─── Dataset excerpt

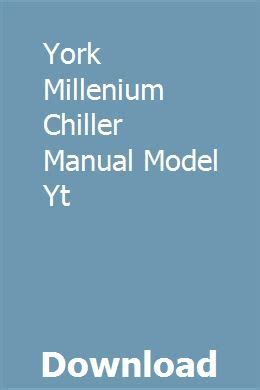 York Millenium Chiller Manual Model Yt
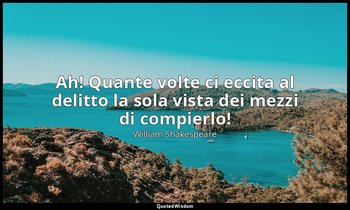 Ah! Quante volte ci eccita al delitto la sola vista dei mezzi di compierlo! — William Shakespeare
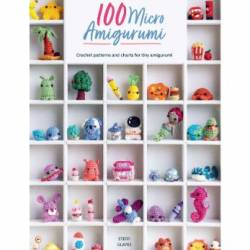 100 Micro Amigurumi: Crochet Patterns and Charts for Tiny Amigurumi - Glaves, Steffi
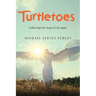Turtletoes: Following the Steps of An Angel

──────

What the exercise asks — Only the pictures in the listing above get left out; print everything else exactly.

The answer —
 York Millenium Chiller Manual Model Yt
 Ah! Quante volte ci eccita al delitto la sola vista dei mezzi di compierlo! — William Shakespeare
 100 Micro Amigurumi: Crochet Patterns and Charts for Tiny Amigurumi - Glaves, Steffi
Turtletoes: Following the Steps of An Angel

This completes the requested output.